Ms. Harward stated that as soon as it began to rain, the roof of her newly repaired shed began to leak and continued to do so each time it rained, damaging her new clothes dryer. Ms. Harward also stated that the black paint defendant had used on her roof quickly began to flake and peel off, causing leaks in the ceiling of her home. When Ms. Harward asked defendant to repair the roofs on her home and shed to stop the leaks, defendant claimed his repairs did not cause the leaks. After defendant refused to repair the leaking house and shed roofs, Dennis LaRue, a neighbor of Ms. Harward's, fixed the roof of her home and replaced her backyard shed. LaRue noted the shoddy work and substandard materials used by defendant and testified regarding them at trial. Ms.
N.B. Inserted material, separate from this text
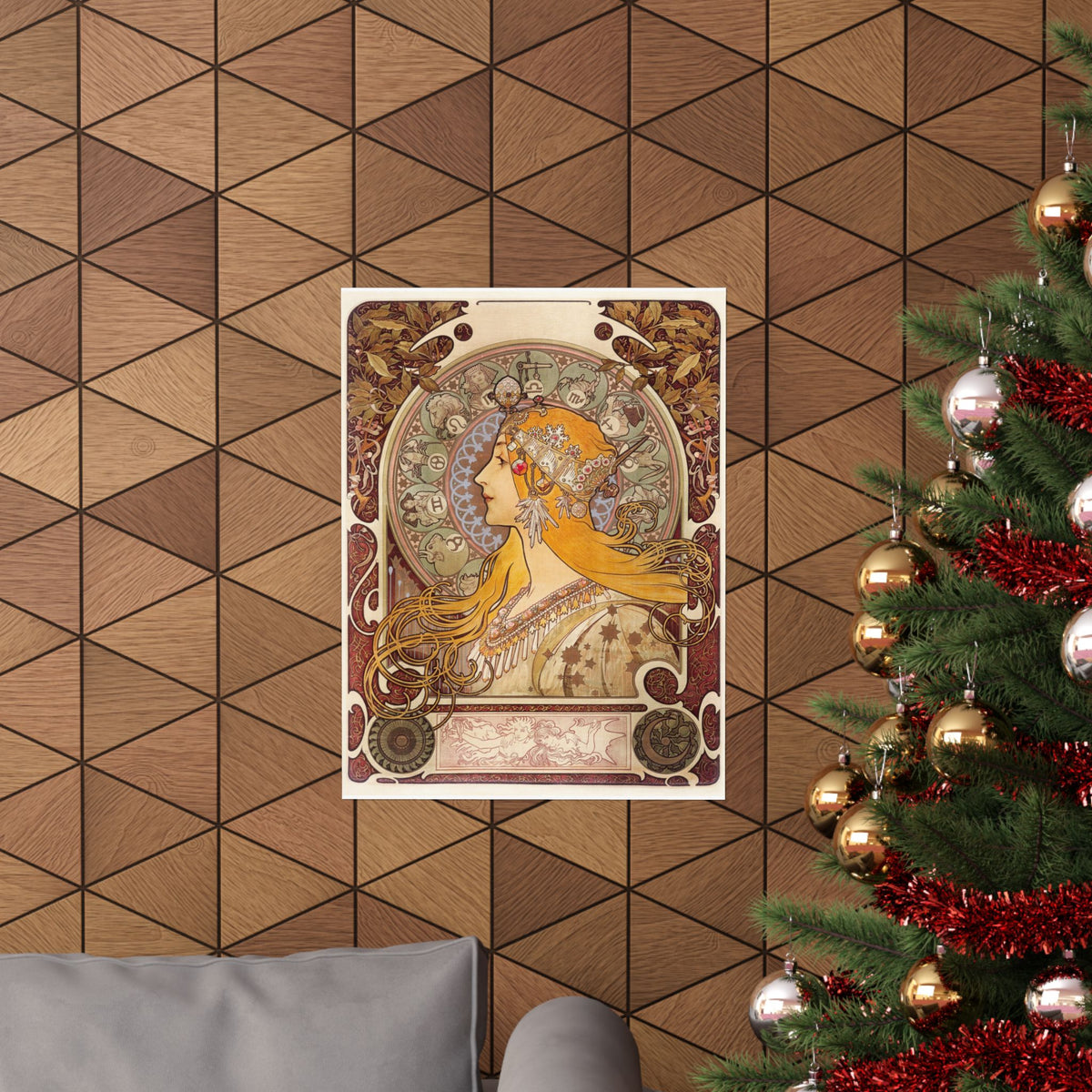 Zodiac — Alphonse Mucha, 1896 | Art Nouveau Print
Harward ultimately paid $8,000.00 to have her shed replaced in order to correct the " work" defendant performed on it.

Also, in May of 2010, Ms. Geraldine Hoenig was approached by defendant who claimed Ms. Hoenig's roof needed repair. After inspecting her roof, defendant told Ms. Hoenig she also needed to repair the roof decking on her home because the wood was rotten. Defendant told Ms. Hoenig that he could repair her roof for $6,800.00 and her chimney for $900.00. Ms. Hoenig borrowed $4,000.00 from the bank to pay defendant. Then, defendant demanded she pay him an additional $2,800.00 so he could special-order white shingles for her roof; Ms. Hoenig returned to her bank and borrowed these additional funds which she paid to defendant.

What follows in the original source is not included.